As of 2010, the difference between what states had promised to their public employees and what they had reserved to actually pay for these costs was $1.38 trillion, according to an analysis from the Pew Charitable Trusts. In all, states will have to pay out more than $3 trillion. Audits of the Los Angeles Unified School District estimated that the school system’s future health care benefits costs for retirees would be $5 billion. For the Fresno Unified School District, the costs were predicted to be $1.1 billion – double the district’s annual operating budget.
Critics have suggested that problems faced by pension funds have been overstated, and that the picture is rosier than depicted by the conservative groups in particular that have raised alarms about public pensions.
The Fordham study, The Big Squeeze: Retirement Costs and School-District Budgets, found the most dire situation to be in Philadelphia, where researchers estimated the school district will have to pay $2,361 per pupil on retirement costs by 2020, up from $1,923 at its current level. In a best-case scenario, the system would have to cut classroom instruction by $62.4 million and instructional support by $14.7 million.

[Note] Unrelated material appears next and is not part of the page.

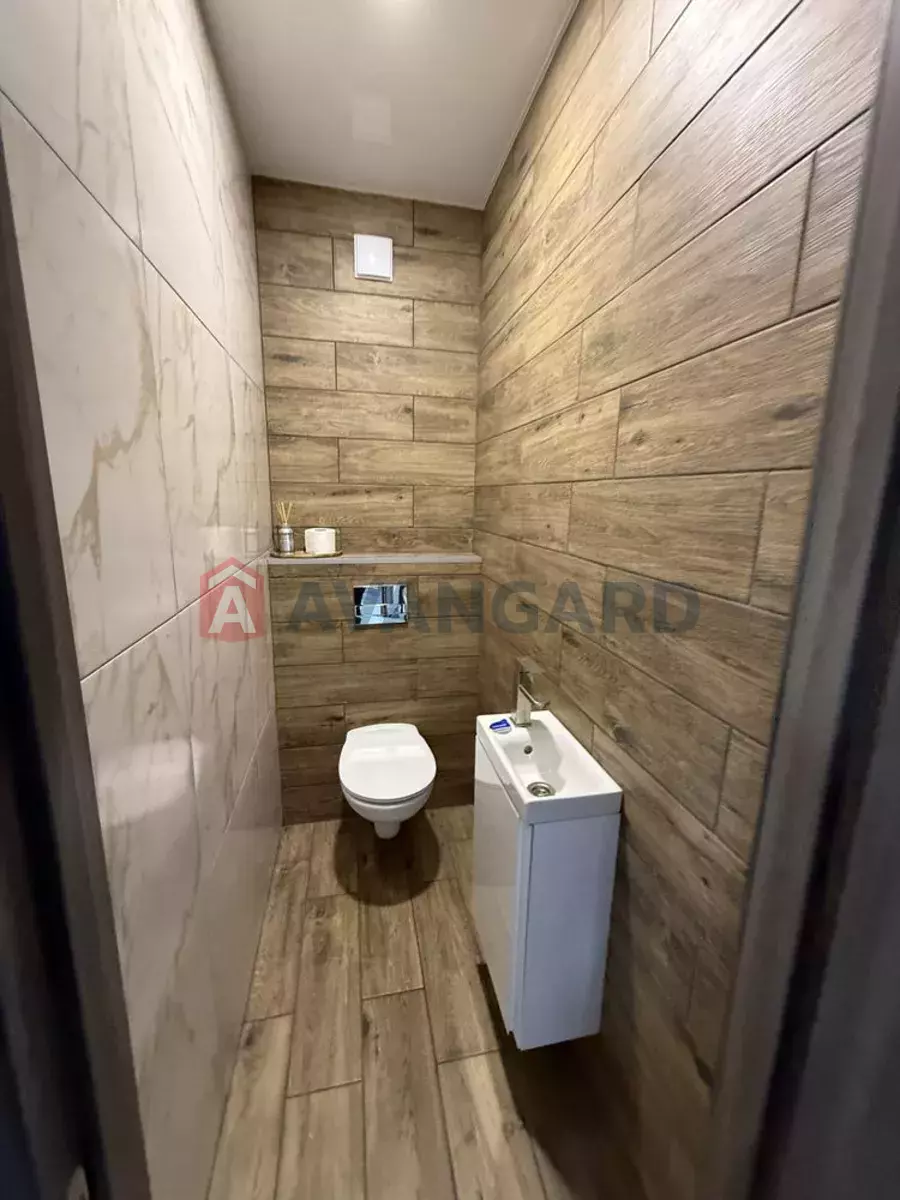 Дом, 106 кв.м. фото 3 Дом, 106 кв.м. фото 3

“They’re faced with this catastrophic situation,” said Robert Costrell, a pension expert from the University of Arkansas who worked on the analysis. Pennsylvania Gov. Tom Corbett has proposed legislation that would overhaul the state’s pension plan, but it has yet to gain momentum in the legislature. “It’s very surprising,” Costrell said. “There are still some who will bury their heads in the sand.”
Costrell said he was also surprised by Milwaukee, but pleasantly so. Wisconsin Gov. Scott Walker’s controversial 2011 Budget Repair Bill that significantly weakened labor in the state required employees to contribute to their own pension funds. The legislation also prevented teachers unions from using collective bargaining to determine retiree health benefits. Districts can now determine those on their own. Milwaukee Public Schools will be implementing large changes, including increasing eligibility requirements and reducing subsidies for premiums beginning in July.
The changes will actually drop Milwaukee’s pension costs from $1,029 per student to $845 in 2020, Fordham researchers projected. The cost of retiree health care will rise $248 per pupil in that time to $1,079.
Ohio also recently took steps to address its pension problems. Legislation passed in 2012 will keep retirement costs per pupil fairly constant over the next decade at about $1,200. But the state chose a reform that essentially requires young employees to pay for the pensions and health care of their older, retiring peers.
Costrell noted that if a private company set up a retirement structure like that, it would be forced to forfeit tax benefits because it’s illegal to take money out of the paychecks of younger workers for the benefits of their older peers. “That raises huge issues going forward,” he said.